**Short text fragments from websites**
== Segment start ==

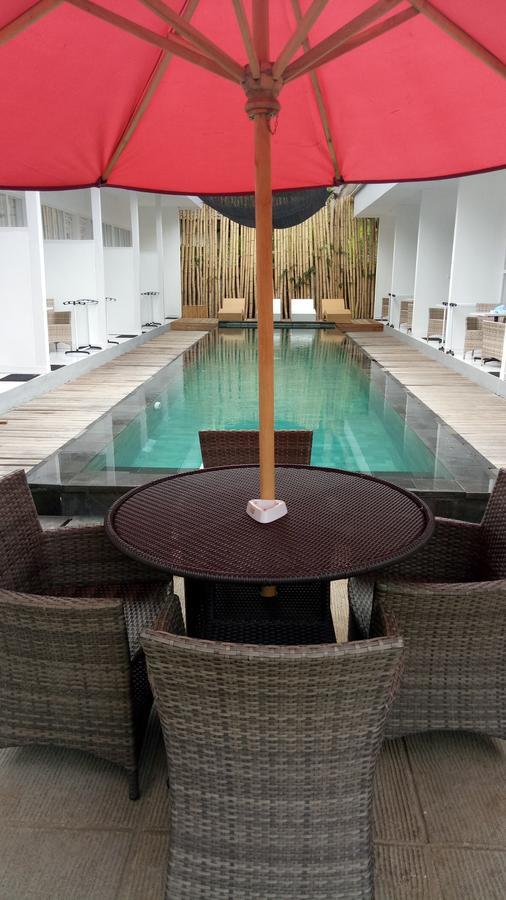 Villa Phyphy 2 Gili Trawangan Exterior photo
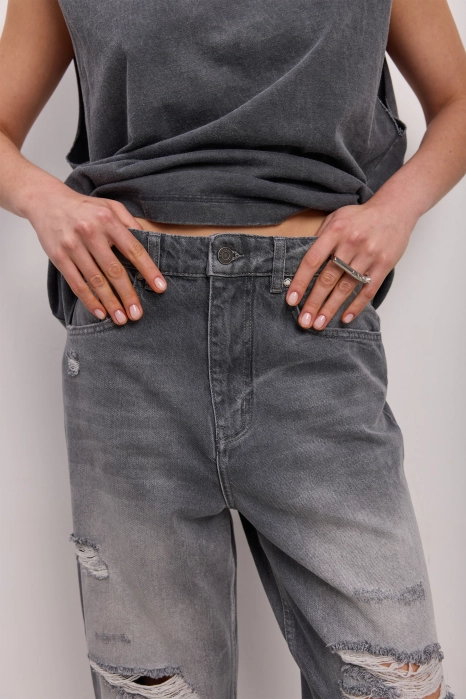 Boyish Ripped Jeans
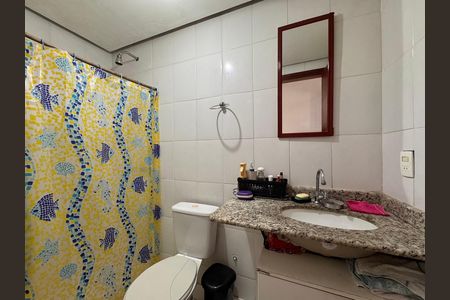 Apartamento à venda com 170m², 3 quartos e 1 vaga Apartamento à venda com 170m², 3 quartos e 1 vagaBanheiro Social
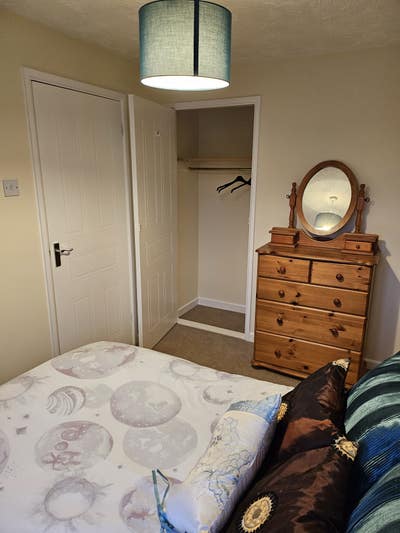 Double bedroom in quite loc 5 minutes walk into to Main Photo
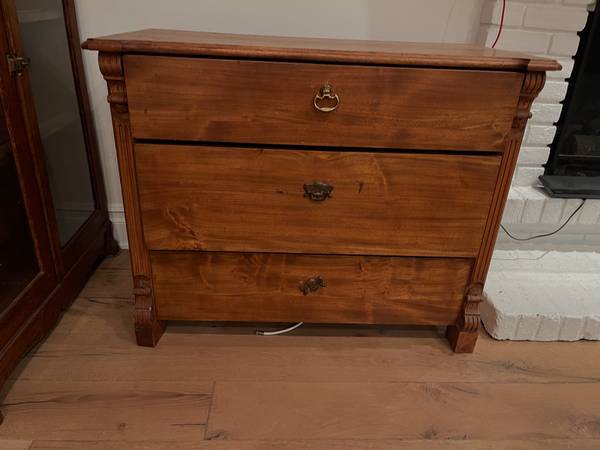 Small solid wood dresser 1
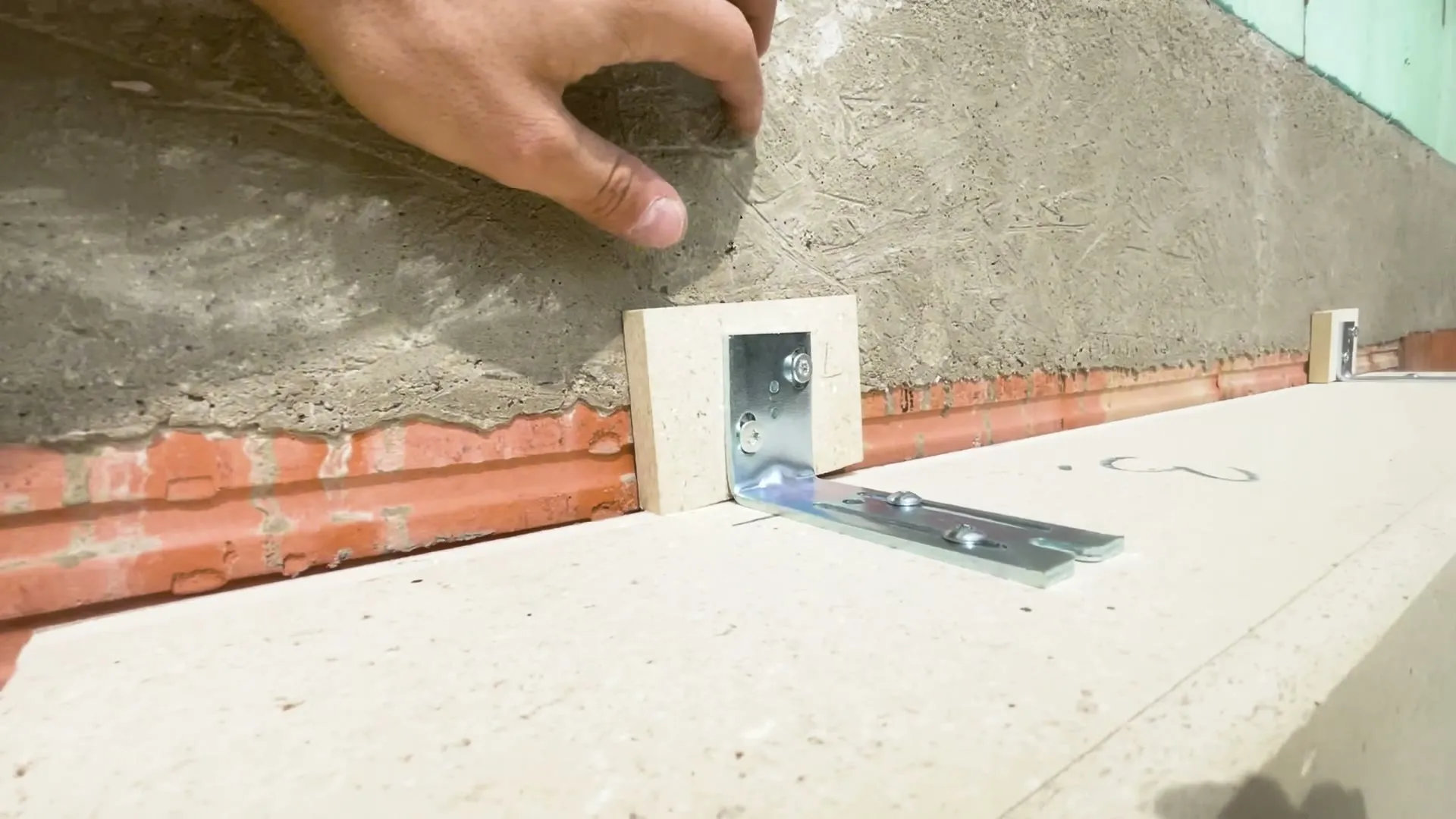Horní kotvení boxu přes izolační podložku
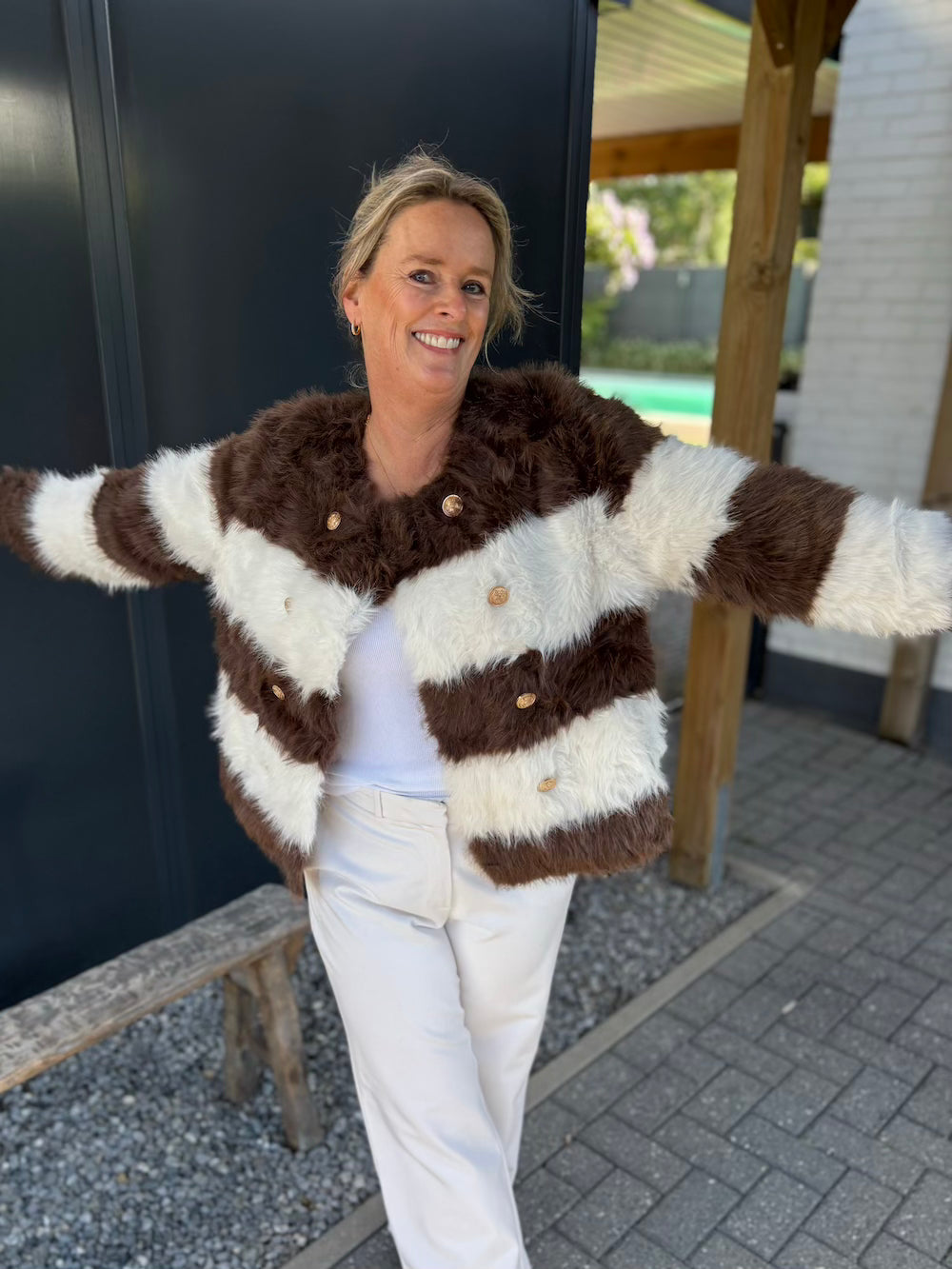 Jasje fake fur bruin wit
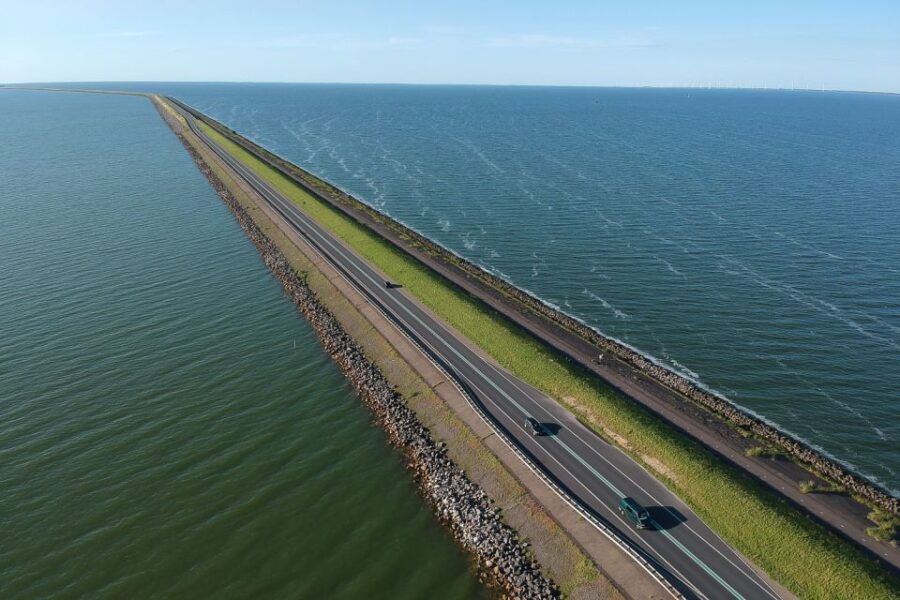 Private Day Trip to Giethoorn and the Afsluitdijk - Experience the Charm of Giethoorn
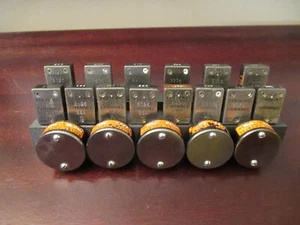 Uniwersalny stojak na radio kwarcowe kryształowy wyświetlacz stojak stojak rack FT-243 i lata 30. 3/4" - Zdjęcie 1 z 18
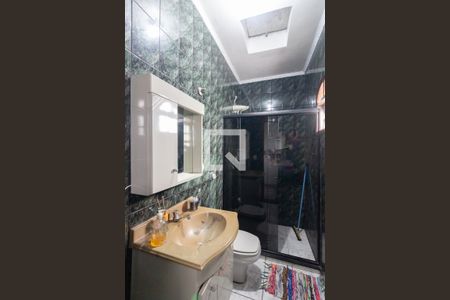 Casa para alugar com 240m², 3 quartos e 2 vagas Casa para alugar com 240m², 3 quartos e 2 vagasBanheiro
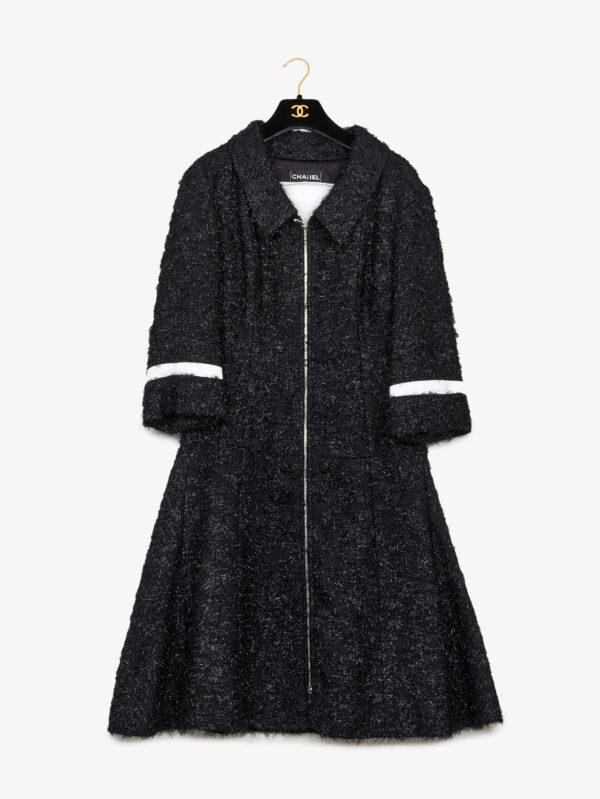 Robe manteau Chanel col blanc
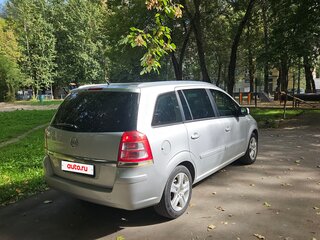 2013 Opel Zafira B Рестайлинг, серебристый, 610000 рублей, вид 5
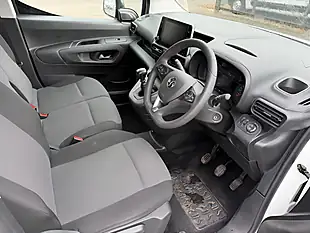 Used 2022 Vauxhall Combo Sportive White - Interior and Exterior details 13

== Segment end ==

**Task item**
Write out exactly the stretch of lines that begins with the line containing "Private Day Trip" and ends with the last line of the records above, leaving out the pictures.

**Written reply**
 Private Day Trip to Giethoorn and the Afsluitdijk - Experience the Charm of Giethoorn
 Uniwersalny stojak na radio kwarcowe kryształowy wyświetlacz stojak stojak rack FT-243 i lata 30. 3/4" - Zdjęcie 1 z 18
 Casa para alugar com 240m², 3 quartos e 2 vagas Casa para alugar com 240m², 3 quartos e 2 vagasBanheiro
 Robe manteau Chanel col blanc
 2013 Opel Zafira B Рестайлинг, серебристый, 610000 рублей, вид 5
 Used 2022 Vauxhall Combo Sportive White - Interior and Exterior details 13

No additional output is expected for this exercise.